[The problem]
Without the pictures, set down every line of the data exactly.
---
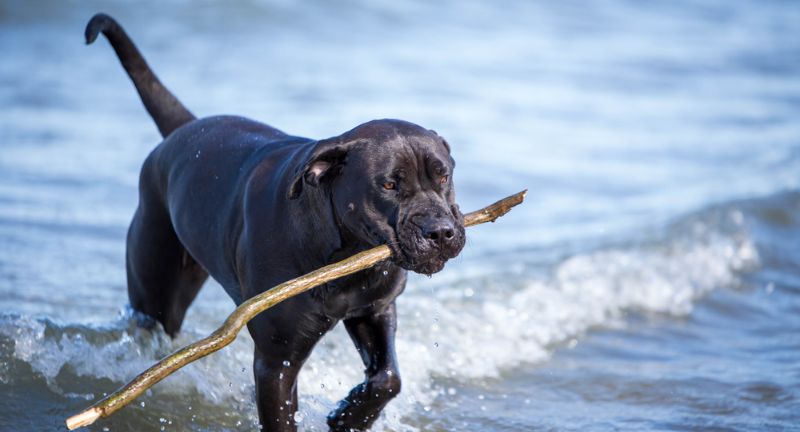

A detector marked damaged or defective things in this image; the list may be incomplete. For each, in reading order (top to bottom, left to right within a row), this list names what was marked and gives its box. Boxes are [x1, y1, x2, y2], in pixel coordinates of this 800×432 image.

broken stick end [66, 406, 101, 430]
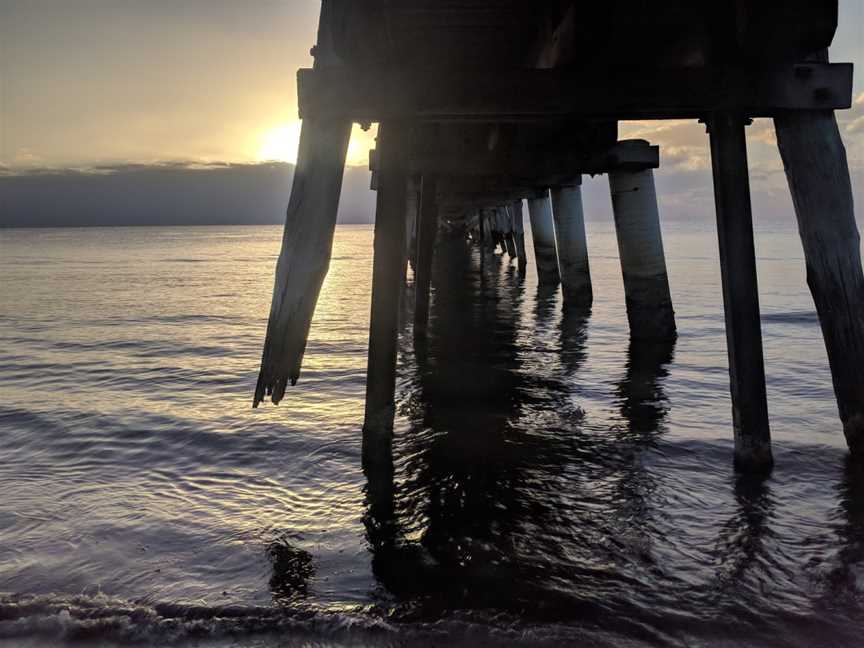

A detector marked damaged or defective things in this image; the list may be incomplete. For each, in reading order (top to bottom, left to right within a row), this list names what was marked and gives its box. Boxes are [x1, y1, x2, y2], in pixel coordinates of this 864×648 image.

broken wooden post [362, 123, 408, 436]
broken wooden post [414, 176, 438, 336]
broken wooden post [512, 197, 528, 268]
broken wooden post [528, 190, 560, 286]
broken wooden post [552, 180, 592, 306]
broken wooden post [608, 146, 676, 340]
broken wooden post [704, 111, 772, 474]
broken wooden post [776, 107, 864, 456]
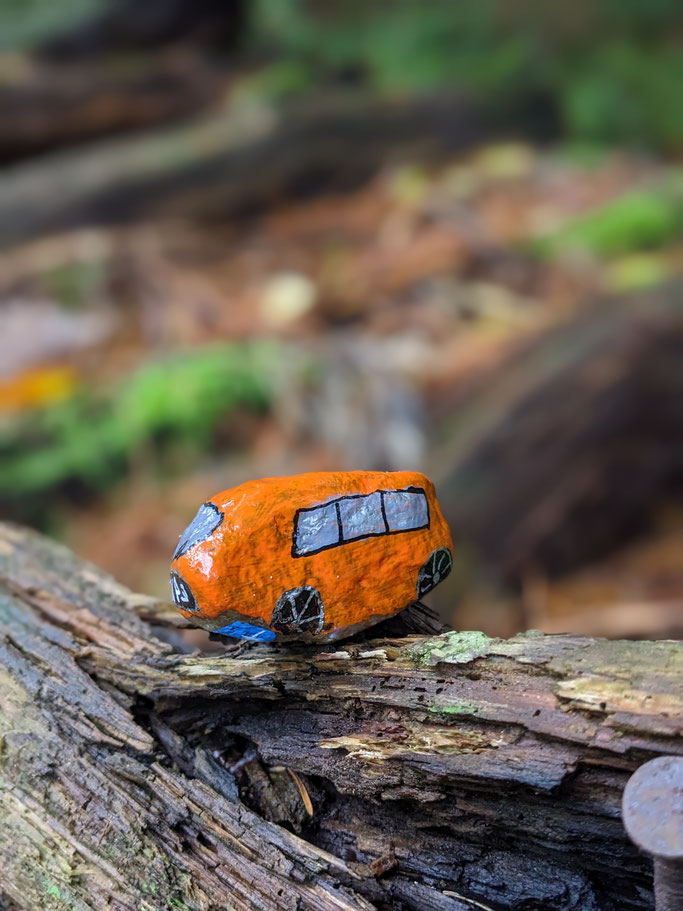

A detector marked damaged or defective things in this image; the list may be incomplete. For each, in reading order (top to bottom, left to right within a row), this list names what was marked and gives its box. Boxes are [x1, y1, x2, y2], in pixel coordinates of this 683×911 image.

rusty nail [624, 756, 683, 911]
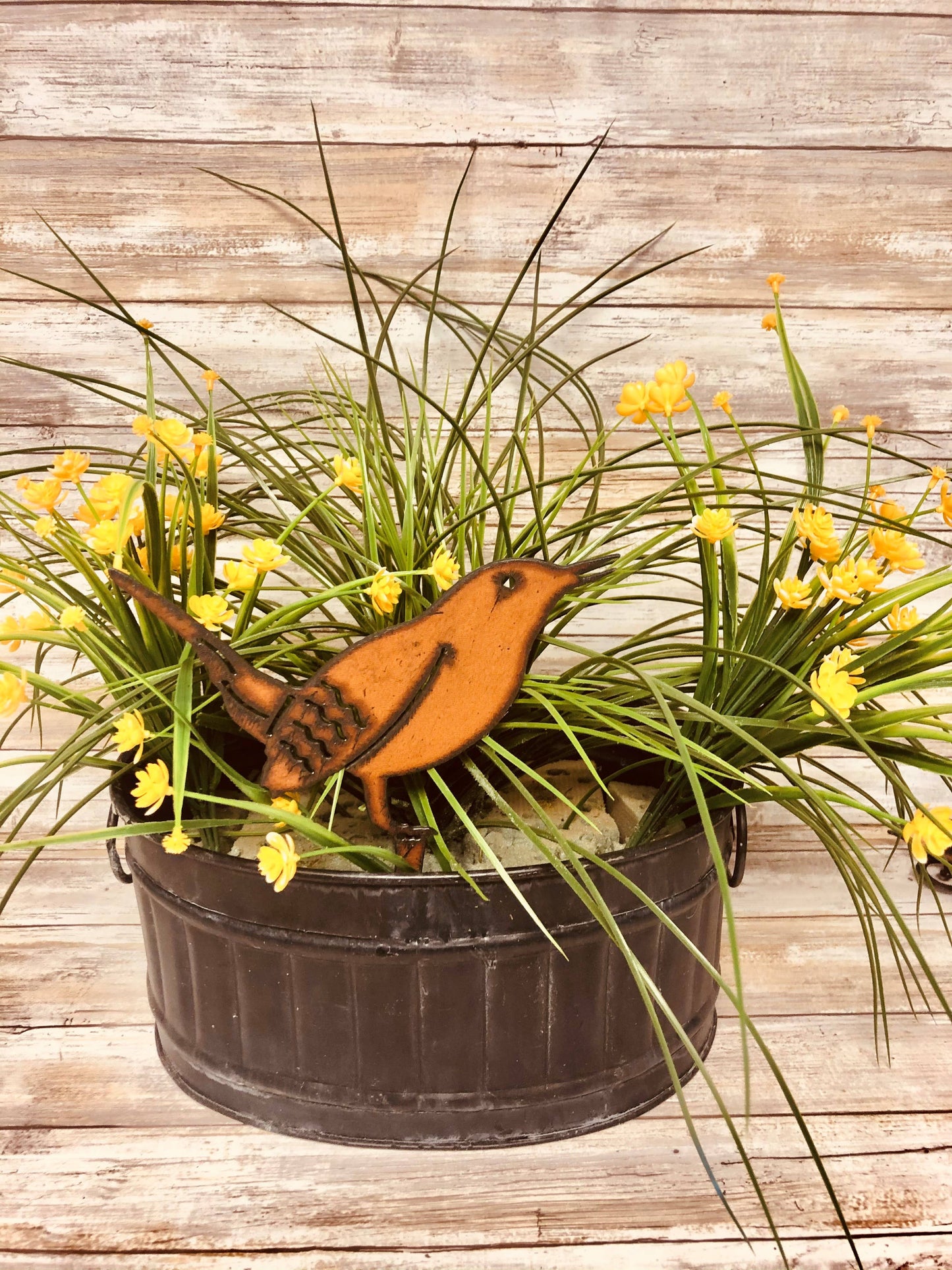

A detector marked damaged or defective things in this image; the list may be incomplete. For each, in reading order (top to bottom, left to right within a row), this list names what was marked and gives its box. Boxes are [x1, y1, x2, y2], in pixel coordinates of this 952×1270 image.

rusty metal bird [110, 559, 619, 870]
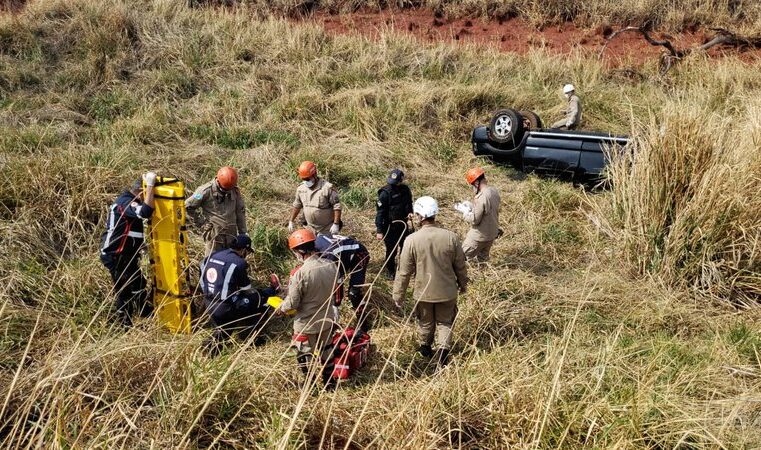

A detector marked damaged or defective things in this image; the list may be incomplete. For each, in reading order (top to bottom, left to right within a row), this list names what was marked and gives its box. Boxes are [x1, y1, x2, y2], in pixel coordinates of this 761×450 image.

overturned vehicle [470, 108, 628, 184]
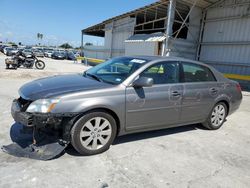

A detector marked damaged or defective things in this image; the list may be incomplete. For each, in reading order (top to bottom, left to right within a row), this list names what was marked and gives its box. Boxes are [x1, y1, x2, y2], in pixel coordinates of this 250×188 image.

damaged front end [2, 97, 76, 161]
bumper damage [1, 98, 77, 160]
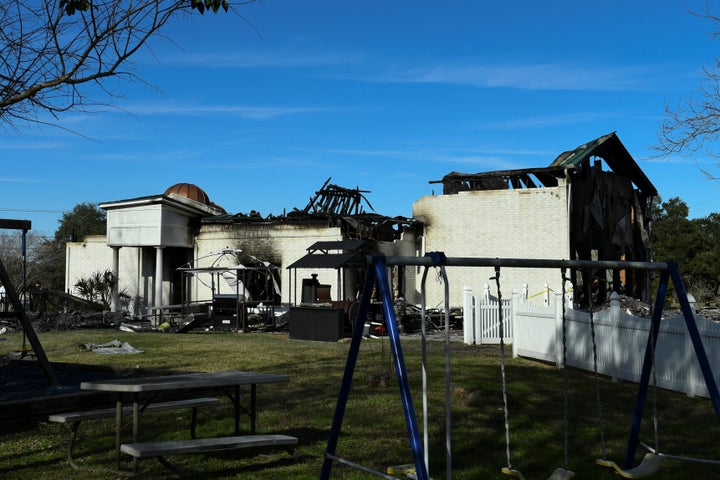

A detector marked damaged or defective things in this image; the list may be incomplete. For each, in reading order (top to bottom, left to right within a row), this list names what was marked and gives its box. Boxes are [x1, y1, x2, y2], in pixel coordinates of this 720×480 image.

burned building [416, 132, 660, 308]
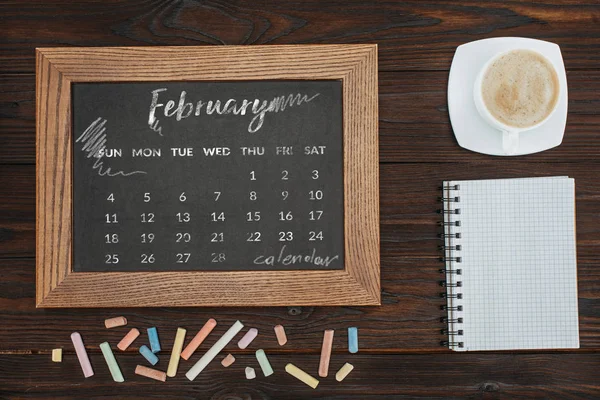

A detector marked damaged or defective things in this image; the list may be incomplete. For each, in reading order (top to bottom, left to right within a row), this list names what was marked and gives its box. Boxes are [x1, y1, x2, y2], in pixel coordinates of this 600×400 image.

broken chalk piece [70, 332, 94, 378]
broken chalk piece [100, 342, 125, 382]
broken chalk piece [117, 328, 141, 350]
broken chalk piece [139, 344, 159, 366]
broken chalk piece [135, 366, 165, 382]
broken chalk piece [168, 326, 186, 376]
broken chalk piece [180, 318, 218, 360]
broken chalk piece [186, 318, 245, 382]
broken chalk piece [237, 328, 258, 350]
broken chalk piece [255, 348, 274, 376]
broken chalk piece [284, 362, 318, 388]
broken chalk piece [336, 362, 354, 382]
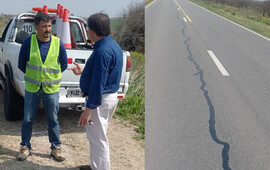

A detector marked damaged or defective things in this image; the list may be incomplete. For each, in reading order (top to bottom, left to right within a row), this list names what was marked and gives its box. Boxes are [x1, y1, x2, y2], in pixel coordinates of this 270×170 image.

crack in asphalt [180, 16, 231, 169]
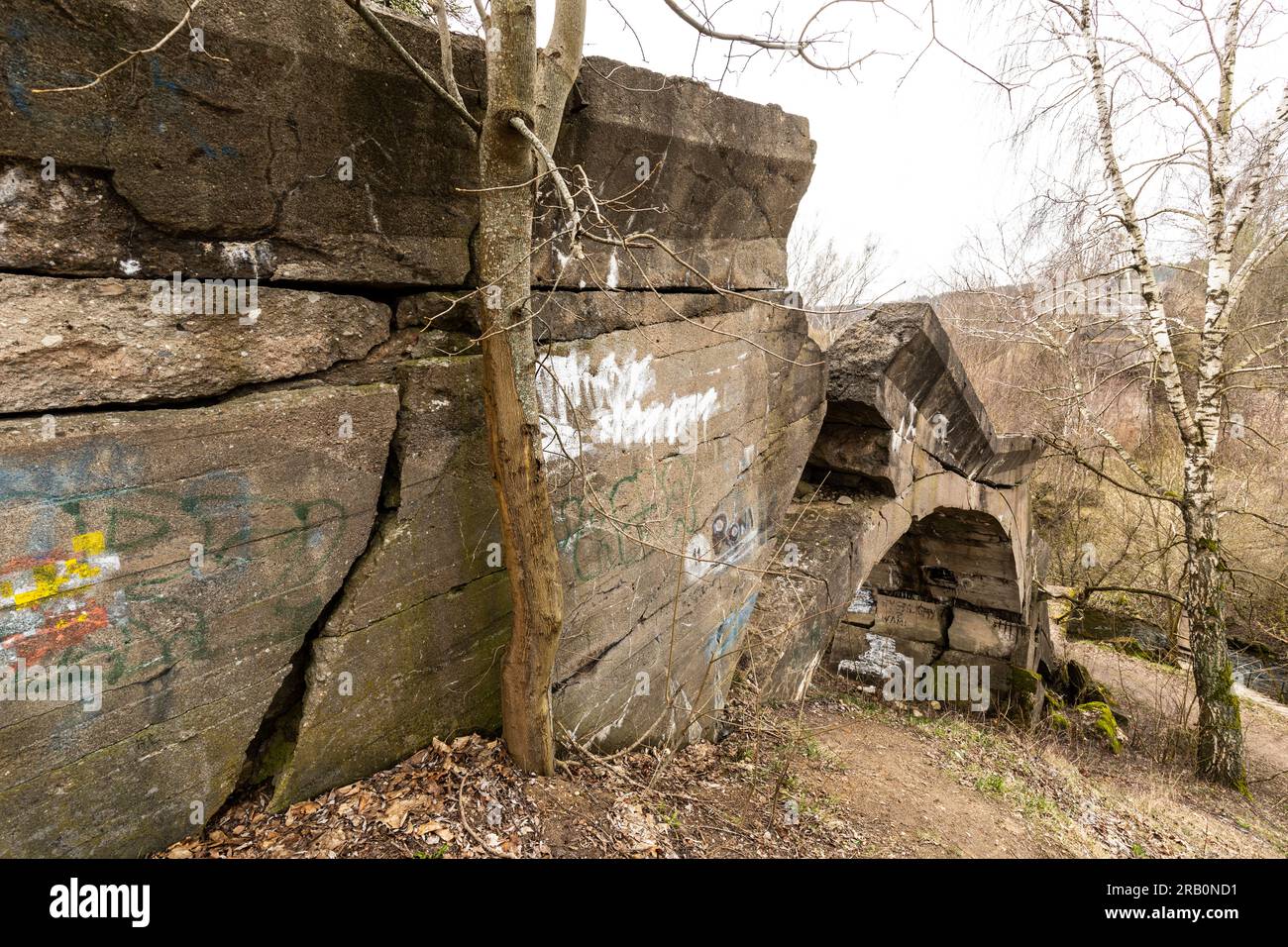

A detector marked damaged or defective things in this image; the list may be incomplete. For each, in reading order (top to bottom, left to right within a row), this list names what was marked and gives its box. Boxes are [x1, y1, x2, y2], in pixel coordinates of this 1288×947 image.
---
[Exercise answer]
A detector marked damaged or defective things in this image; the list may be incomplete. For each, in reading order (top to bottom, left to right within a row), this list names what was marked and gives its box. Boxes are [x1, y1, x2, y2], in pixel coordinates of this 800×432 image.

broken stick end [66, 406, 101, 430]

A detector marked damaged or defective things in this image; the list may be incomplete. For each, in reading order (top to bottom, left to right within a row), this list names what was marked and gives its box. Boxes are [x1, y1, x2, y2], in pixel coordinates of this 864×648 image.

broken wooden post [362, 123, 408, 436]
broken wooden post [414, 176, 438, 336]
broken wooden post [512, 197, 528, 268]
broken wooden post [528, 190, 560, 286]
broken wooden post [552, 180, 592, 306]
broken wooden post [608, 146, 676, 340]
broken wooden post [704, 111, 772, 474]
broken wooden post [776, 107, 864, 456]

A detector marked damaged or defective things in this image; the list may be incomplete. For each, in reading order (top to bottom, left to right within a row), this list names what was marked and gives its box. Boxes are [x1, y1, x2, y2], in pixel coordinates of this 683×911 image.

rusty nail [624, 756, 683, 911]

A detector marked damaged or defective things in this image; the list may be incomplete. For each, in reading order (top to bottom, left to right within a row), this list names what was marked and gives its box. Boxes are [x1, y1, x2, y2], in pixel coordinates of this 952×1270 image.

rusty metal bird [110, 559, 619, 870]

A detector marked damaged or defective things in this image; the list may be incomplete. For each, in reading order (top to bottom, left to right within a row), this list names what was marked and gives its box. Boxes are [x1, y1, x2, y2], in pixel coordinates of this 761×450 image.

overturned vehicle [470, 108, 628, 184]

A detector marked damaged or defective things in this image; the list may be incomplete. For each, in reading order (top to bottom, left to right within a row), this list names what was marked and gives its box. Boxes are [x1, y1, x2, y2], in pixel coordinates of this 250×188 image.

damaged front end [2, 97, 76, 161]
bumper damage [1, 98, 77, 160]

A detector marked damaged or defective things in this image; the list may be incomplete. For each, in reading order (top to bottom, left to right within a row), this list names what was marked and gives its box. Boxes are [x1, y1, x2, y2], in pixel coordinates of this 720×480 image.

burned building [416, 132, 660, 308]

A detector marked damaged or defective things in this image; the list may be incomplete. For each, in reading order (top to bottom, left to right within a row), this list names what was marked and gives its box. Boxes are [x1, y1, x2, y2], in pixel coordinates of this 600×400 image.

broken chalk piece [70, 332, 94, 378]
broken chalk piece [100, 342, 125, 382]
broken chalk piece [117, 328, 141, 350]
broken chalk piece [139, 344, 159, 366]
broken chalk piece [135, 366, 165, 382]
broken chalk piece [168, 326, 186, 376]
broken chalk piece [180, 318, 218, 360]
broken chalk piece [186, 318, 245, 382]
broken chalk piece [237, 328, 258, 350]
broken chalk piece [255, 348, 274, 376]
broken chalk piece [284, 362, 318, 388]
broken chalk piece [336, 362, 354, 382]

A detector marked damaged or defective things in this image; the list may be incomplete. For each, in reading order (top to bottom, left to right within a row), this list names what was marked and gives its box. Boxes are [x1, y1, x2, y2], in pixel coordinates of this 270×170 image.

crack in asphalt [180, 16, 231, 169]

A detector marked damaged or defective things in this image; the list may be incomplete. For each, in reading order (top to bottom, left to right within a row), this list names what was marked and gives its box. Boxes are [x1, y1, x2, y2], in pixel coordinates of this 1288×947 image.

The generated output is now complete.